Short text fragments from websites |
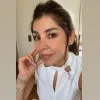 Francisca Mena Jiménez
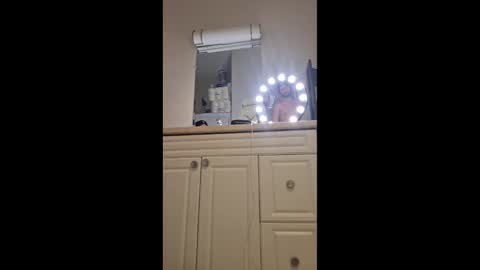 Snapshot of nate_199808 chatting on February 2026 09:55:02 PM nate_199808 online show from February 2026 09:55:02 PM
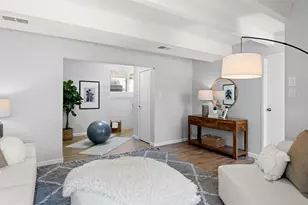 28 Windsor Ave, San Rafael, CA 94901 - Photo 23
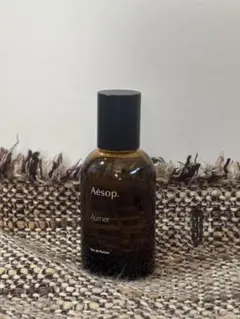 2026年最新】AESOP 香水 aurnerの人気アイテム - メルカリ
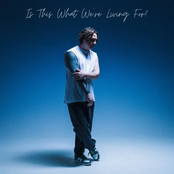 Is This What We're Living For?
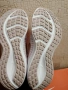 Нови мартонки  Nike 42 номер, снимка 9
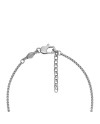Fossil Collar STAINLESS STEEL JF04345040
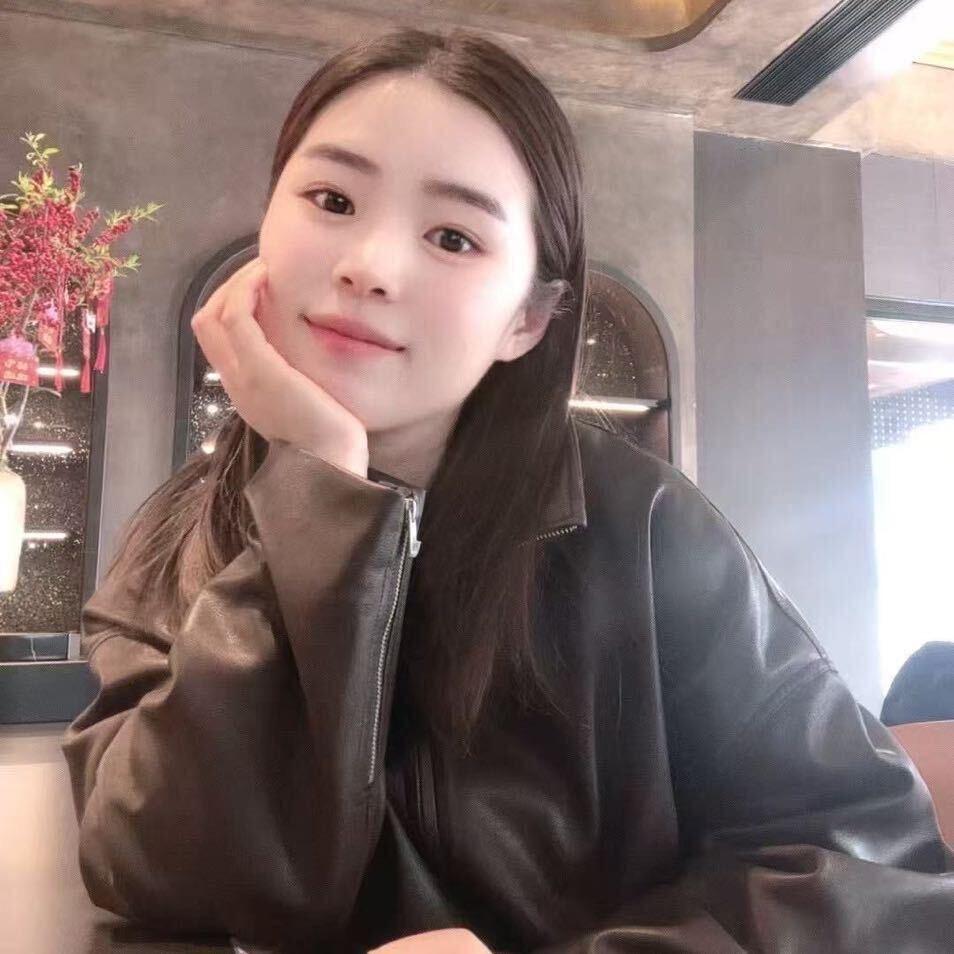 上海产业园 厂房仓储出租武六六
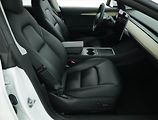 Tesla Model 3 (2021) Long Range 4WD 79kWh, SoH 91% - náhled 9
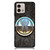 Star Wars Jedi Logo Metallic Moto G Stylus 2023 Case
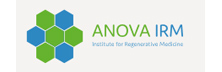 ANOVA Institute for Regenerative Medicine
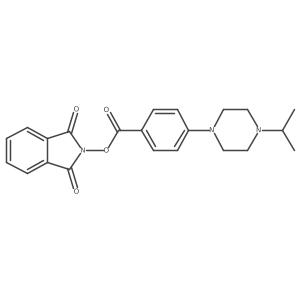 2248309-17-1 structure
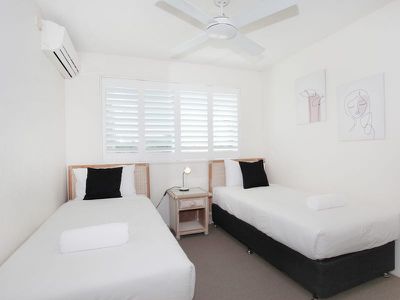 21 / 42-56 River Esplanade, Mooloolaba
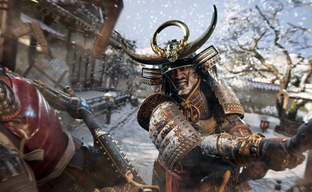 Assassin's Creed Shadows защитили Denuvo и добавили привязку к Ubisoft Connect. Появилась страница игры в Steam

YOUR INSTRUCTIONS | Only the lines from the line that contains "Is This What We're Living For?" through the end of the entries are to be written out, exactly and without pictures, both ends included.

ANSWER SECTION |
 Is This What We're Living For?
 Нови мартонки  Nike 42 номер, снимка 9
Fossil Collar STAINLESS STEEL JF04345040
 上海产业园 厂房仓储出租武六六
 Tesla Model 3 (2021) Long Range 4WD 79kWh, SoH 91% - náhled 9
 Star Wars Jedi Logo Metallic Moto G Stylus 2023 Case
 ANOVA Institute for Regenerative Medicine
 2248309-17-1 structure
 21 / 42-56 River Esplanade, Mooloolaba
 Assassin's Creed Shadows защитили Denuvo и добавили привязку к Ubisoft Connect. Появилась страница игры в Steam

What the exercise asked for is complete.